I think it's clear that this substance was not something that can be easily identified, and has the hallmarks of several weapons while lacking hallmarks of most of them. But I'm extremely weary of the debate as to whether something is a chemical weapon. Is it a chemical? Well, it wasn't a bomb or a bullet, but some sort of compound that when breathed became lethal in many cases, so yes. Did it kill hundreds or thousands? Yes it did. Then it was a chemical weapon.  
Thanks for clarifying, James. From everything I've read, the distinction between lethal and non-lethal chemical weapons is highly problematic when it comes to intended or unintended lethality (particularly in confined areas and when inhaled by the young, elderly or malnourished.)

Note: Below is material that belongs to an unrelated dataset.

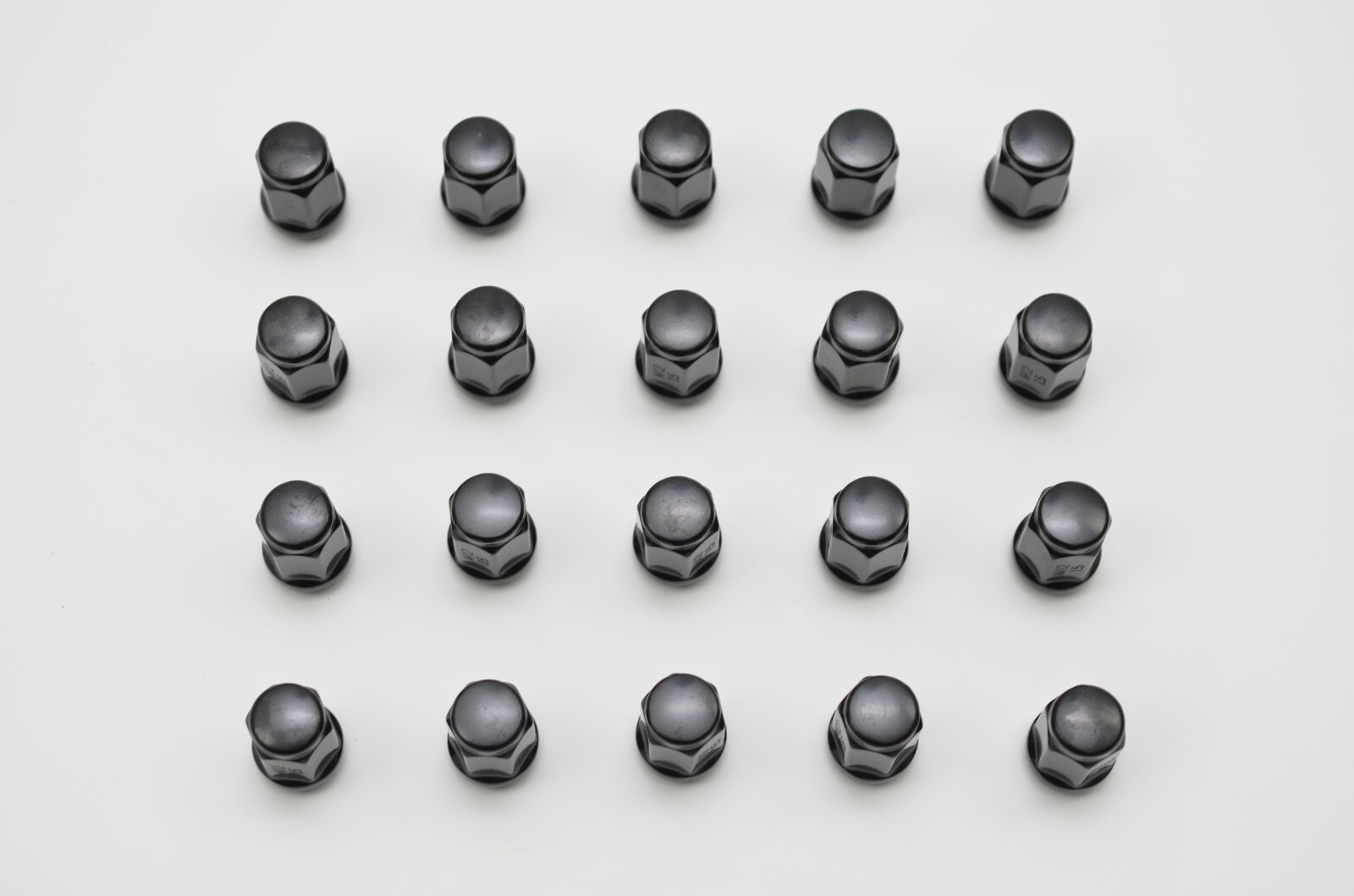 1320 Steel Ball seat lug nuts 12×1.5 Black color 35mm length 20pcs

It seems clear that a chemical agent was used in E. Ghouta. The distinction matters primarily in relation to the elusive "red line" and  how the term "chemical weapon" is used by governments and international treaties, which relates to the definitions put forth in the Convention.

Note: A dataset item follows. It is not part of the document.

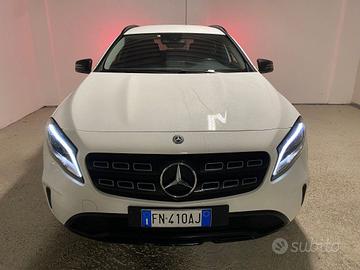 MERCEDES-BENZ GLA 220 Automatic 4Matic Sport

Chlorine, for example, which was what residents in Khan al-Assad said they had smelled after a chemical attack there, is not prohibited by the CWC, I believe. What I'm interested in (and horrified by) is the idea that highly deadly attacks using chemicals can be carried out without constituting chemical weapons use according to the treaty.

This, by the way, is from a paper published in June 2013 by Harvard-Sussex, regarding the earlier allegations of CW use in Syria:

"If the allegations are true, Syria is engaged in a form of chemical warfare whose purpose and therefore methods (small scale, pinpoint targeting, disabling) are at variance with concepts underpinning the 1993 Chemical Weapons Convention. It would thus call into question the continuing fitness for purpose of certain of the treaty’s provisions, specifically those set by the quantitative possession, declaration and reporting thresholds that were derived from Cold War notions of ‘militarily significant’ quantities. The CWC was never intended solely as a suppressant of ‘weapons of mass destruction’, whatever the popular view of it may now have become."

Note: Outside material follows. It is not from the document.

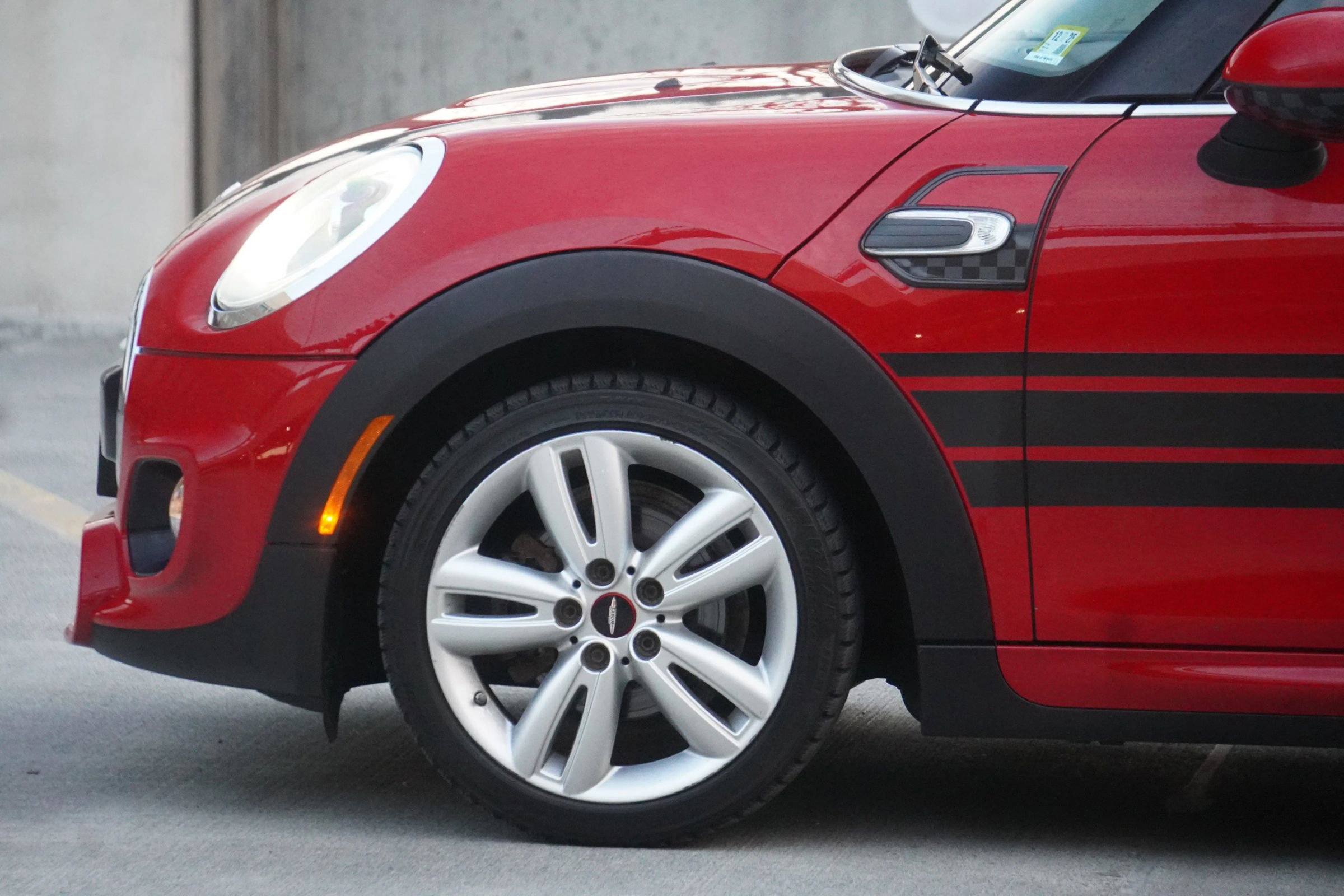 Used 2015 MINI Cooper 2-Door Hardtop image 25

I will post this open newsroom thread as an  update in the post.
This is an interesting and important question. Thanks +Emily Dische-Becker and +James Miller. Video showed possible blood samples being taken in Douma. This is a tough question. Hopefully progress on injury & mortality figures + geography will shed light.
Hopefully answers do come soon. 

From the Chemical Weapons Convention:

 "Toxic Chemical" means:
Any chemical which through its chemical action on life processes can cause death, temporary incapacitation or permanent harm to humans or animals. This includes all such chemicals, regardless of their origin or of their method of production, and regardless of whether they are produced in facilities, in munitions or elsewhere....


5. Each State Party undertakes not to use riot control agents as a method of warfare.